Susceptibility weighted imaging

The susceptibility weighted imaging (SWI) sequence is sensitive to blood products and iron, making it useful for detecting microhemorrhages and iron deposition (Figure 16).

Figure 16.

In SWI, (C-D) the post-upgrade images using the 48-channel head coil provide noticeably less noisy data compared to (A, B) pre-upgrade images. The units of the image are ppm and the color scale is from [-0.1, 0.2].

Perfusion – pCASL

Pseudo-Continuous Arterial Spin Labeling (pCASL) is a non-invasive, perfusion-weighted imaging technique to measure cerebral blood flow using arterial spin labeling (ASL). For the global average percentage signal change during breath hold, the 12-channel data with the HNU pre-upgrade had an average signal change of 1.19%, whereas the 48-channel head coil data had 1.43%, for a 20% improvement in signal change with the new coil after the upgrade (Figure 17).

Figure 17.

(Top left) 12-channel HNU average signal change, (top right) 48-channel head coil average signal change and (bottom right) voxelwise signal change in the pCASL acquisition.

MR spectroscopy (MRS)

MRS provides information about the chemical composition of tissues. The scanner can acquire single- and multi-voxel spectroscopy using semi-LASER to detect the following metabolites: N-acetyl aspartate (NAA), choline and creatinine, and we are currently optimizing detection of lactate.

fMRI

Single-echo fMRI: A basic fMRI technique that measures blood-oxygen-level-dependent (BOLD) contrast to map brain activity.

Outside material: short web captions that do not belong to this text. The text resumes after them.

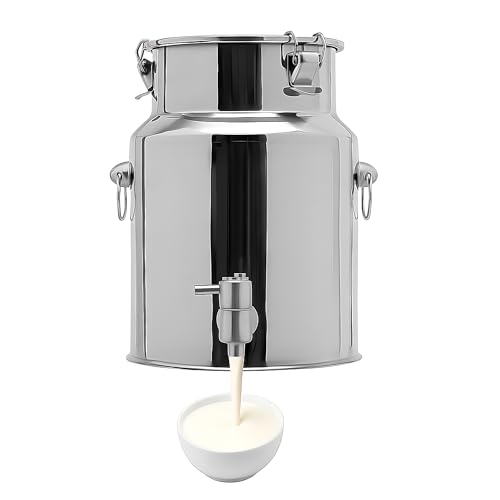 304 Stainless Steel Beverage Dispenser with Spigot, 10L/2.64 Gal 304 Milk Can Drink Dispenser with Sealed Lid & Handle, for Iced Tea, Water, Milk, Wine, Juice, Home Kitchen, Cafes, Restaurants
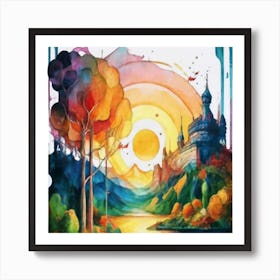 Watercolor landscapes 7 Art Print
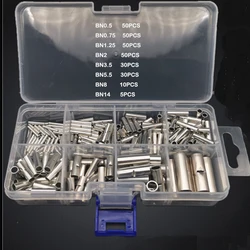275/150PCS 26-6 AWG BN0.5 BN1.25 BN2 BN3.5 BN5.5 BN8 Pure Copper Tinned Splice Bare Butt Connector Crimp Terminal Wire
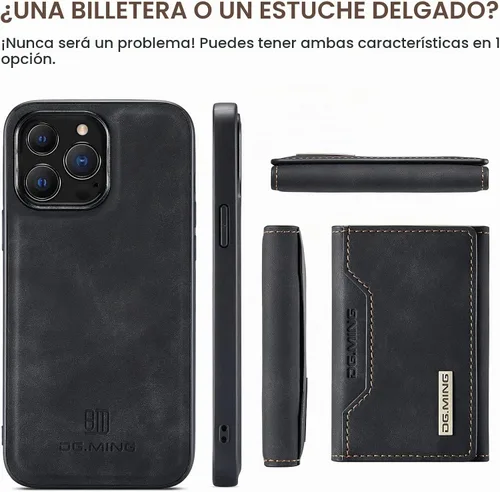 Vista 9 de Funda trasera desmontable 2 en 1 compatible con iPhone 13 Pro Max con tarjetero de cuero bolsillo delgado fundas para teléfono 6.7 pulgadas (negro)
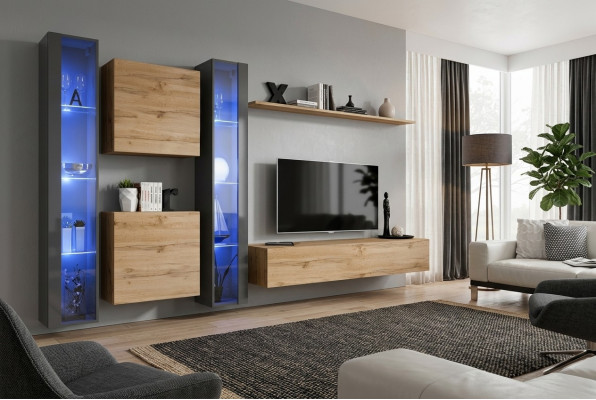 Complete bruin woonkamer set, hangende vitrinekast, wandkast, moderne designinrichting.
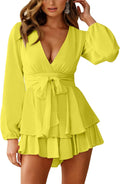 Relipop Womens Floral Romper V Neck Long Sleeve Ruffle Hem - Vacation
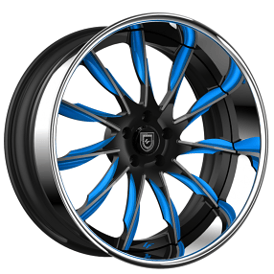 22" Staggered Lexani Forged Wheels LF-747 Viper Black with Blue and Grey Accents Face and Chrome Lip Rims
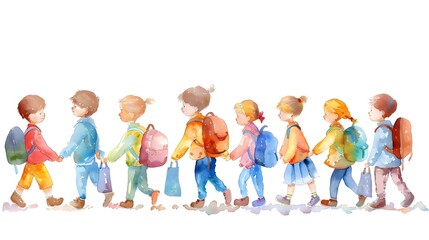 Diverse Group of Kids on School Museum Trip Discovering Art and Culture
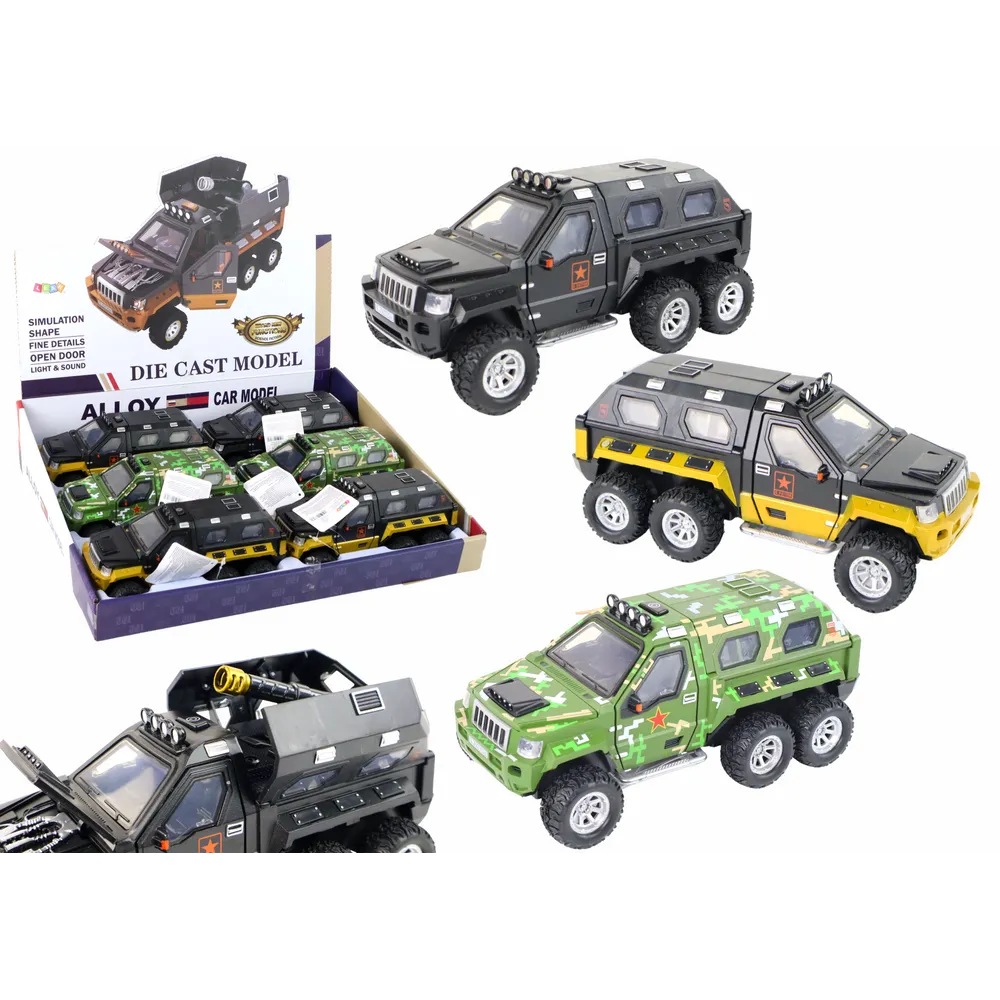 Auto zabawka militarna z armatą w trzech wersjach kolorystycznych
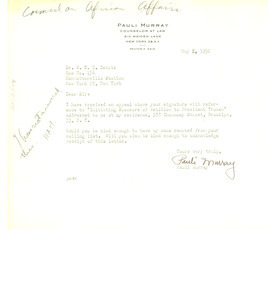 Letter from Pauli Murray to W. E. B. Du Bois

Multi-echo fMRI: An advanced fMRI technique that allows for improved sensitivity and quantification of hemodynamic responses. We are currently optimizing the sequence parameters for our tasks.

Conclusion

The hardware and software upgrade implemented on the SIGNA PET/MR was found to lead to significant improvements in MR image quality. MotionFree Brain PET was found to accurately correct for motion when imaging with a tracer with relatively stable spatial distribution, especially relevant when imaging subjects prone to motion. Collectively, these improvements significantly enhance the overall imaging performance of the scanner, thus enabling more complex research studies, which will ultimately lead to a better understanding of brain function and disease. 

Reference

1. Spangler-Bickell MG, Hurley SA, Pirasteh A, Perlman SB, Deller T, McMillan AB. Evaluation of Data-Driven Rigid Motion Correction in Clinical Brain PET Imaging. J Nucl Med. 2022 Oct;63(10):1604-1610.